Tra le diverse novità illustrate al meeting f8 del 22 settembre da Zuckerberg, credo valga la pena evidenziare quella della Timeline che va a sostituirsi alla pagina del Profilo personale finora in uso. Su questo cambiamento sono state spese molte parole e molti elogi; il tema che mi interessa sottolineare è quello delle conseguenze sulla privacy degli utenti. Più di un anno fa Zuckerberg aveva suscitato grande clamore esigendo una revisione del concetto stesso di vita privata: a suo avviso infatti sarebbe arrivato il momento di ammettere che l’intimità della propria esperienza è definita dal grado di divulgazione pubblica che vogliamo di volta in volta ammettere. Ma non esiste più alcun foro interiore cui ci si debba o ci si possa limitare.

La visione di Zuckerberg sembra abbattere con una buona dose di ingenuità questi vincoli sociologici. La Timeline è un luogo in cui tutto ciò che abbiamo fatto su Facebook può essere pubblicato e divulgato a tutti. Forse è un baco, ma espone anche i contenuti che abbiamo pubblicato in passato e che abbiamo cancellato per le ragioni più varie. La memoria di Facebook non elimina nulla, conserva tutto e poi lo rigurgita nella Timeline della nostra vita – che è un film con dentro casualità, errori e ripensamenti, come quello che compare davanti agli occhi di chi sta morendo. Non solo: anche altri al nostro posto possono essere autorizzati a diffondere indicazioni su quello che leggiamo e su quello che ci interessa. Due applicazioni – una del Washington Post, l’altra di The Guardian – non si limitano a fornire all’utente le tipologie di news sottoscritte dall’utente, ma le pubblicano anche sulla sua Timeline, in assenza di esplicite indicazioni contrarie da parte dell’interessato. Credo valga la pena riflettere in modo più serio sulla concezione di Zuckerberg e sulle sue conseguenze.

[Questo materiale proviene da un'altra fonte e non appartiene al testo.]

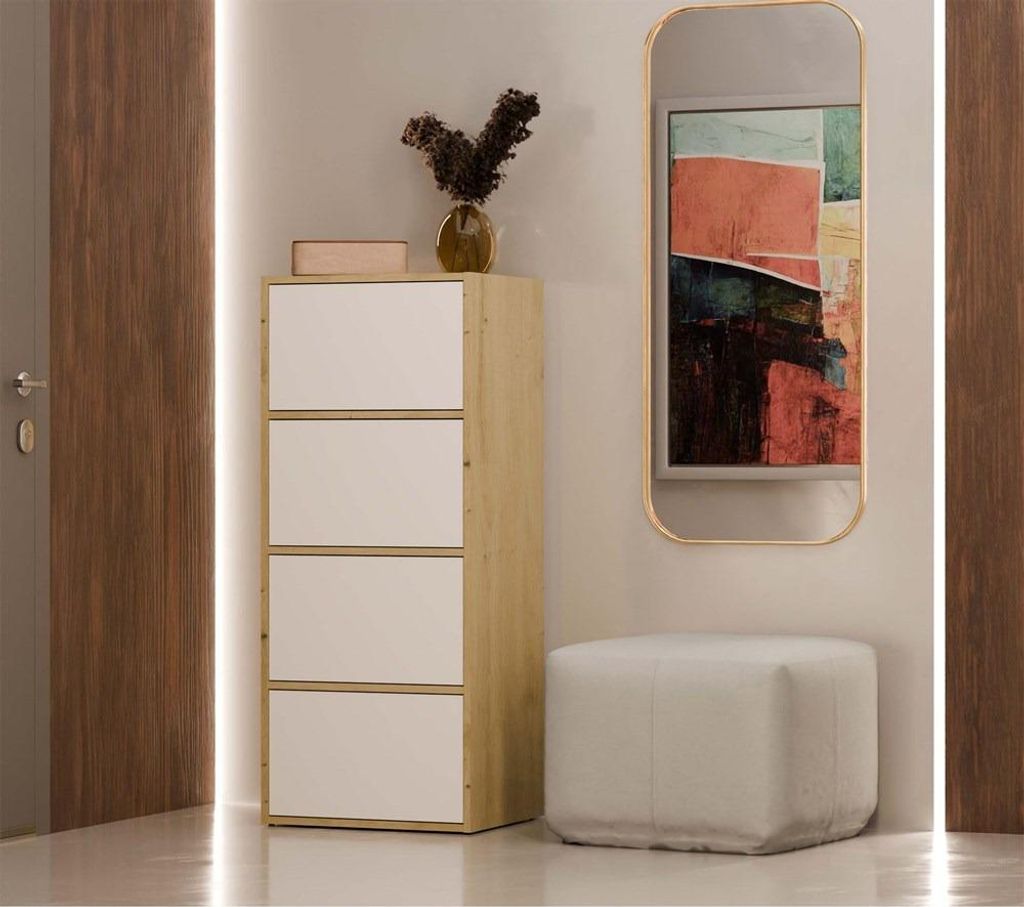 Cassettiera stretta con ante ATALLA - rovere artigianale / Immagine del prodotto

La Timeline di Paolo Bottazzini

Foursquare diffonde notizie sul luogo in cui ci troviamo, GetGlue su quello che stiamo guardano in TV, Twitter elenca i passaggi di una cronaca della nostra vita in 140 battute. Ben Parr sostiene che qualora nessuno di questi servizi lo avesse ancora fatto, Facebook procederà all’uccisione completa della nostra privacy. La nozione cui si riferisce l’editorialista di Mashable è quella connessa alla personalità dell’uomo vittoriano, che descrive in termini di proprietà sia se stesso, sia i suoi rapporti, sia il suo ambiente: è padrone di sé come è padrone dei suoi beni, ha padronanza di linguaggio, della situazione, e dell’uso degli strumenti. L’introduzione dello sguardo degli altri negli scambi di comunicazione tra un individuo e i suoi amici equivale alla violazione di uno spazio recintato, all’effrazione con cui un estraneo penetra nella proprietà privata.

L’individuo che vive nell’epoca dei social network non è più garantito dalle sue proprietà, ma dalle sue confessioni – e dalle confessioni che riesce ad esigere dai suoi amici. Il valore non si condensa più nella stupidità dei vecchi status symbol, come il possesso della macchina o della casa al mare o in montagna o in campagna – ma nella trasformazione del documento interiore in monumento pubblico, la conversione di ogni pensiero e di ogni gesto in un atto di confessione che esiste soltanto se viene letto, condiviso, votato, commentato. Essere è venire percepiti. Ma la percezione non basta, perché il suo compito è quello di produrre repliche, di esigere la confessione altrui, di moltiplicare i confessionali e i gesti e i pensieri realizzati per-il-confessionale.

«Hand over your data, your life, your … soul. And enjoy eternal like in the social media universe.» Zuckerberg parla di oggetti reali, non di metafore: sulla bacheca di Facebook scorre la vita dell’individuo e prende forma la sua anima. La pienezza dell’esistenza non si realizza nella proprietà e nell’azione – ma nella loquacità dell’anima che si espone, si confessa, partecipa alla comunione dei santi nell’universo dei social media. Morto un modello umano, se ne fa un altro. All’uomo vittoriano segue il penitente della Controriforma. Speriamo solo che Zuckerberg non progetti una vendita delle indulgenze a breve termine (o lo sta già facendo il mercato con la quotazione della sua società per il collocamento azionario?). Amen.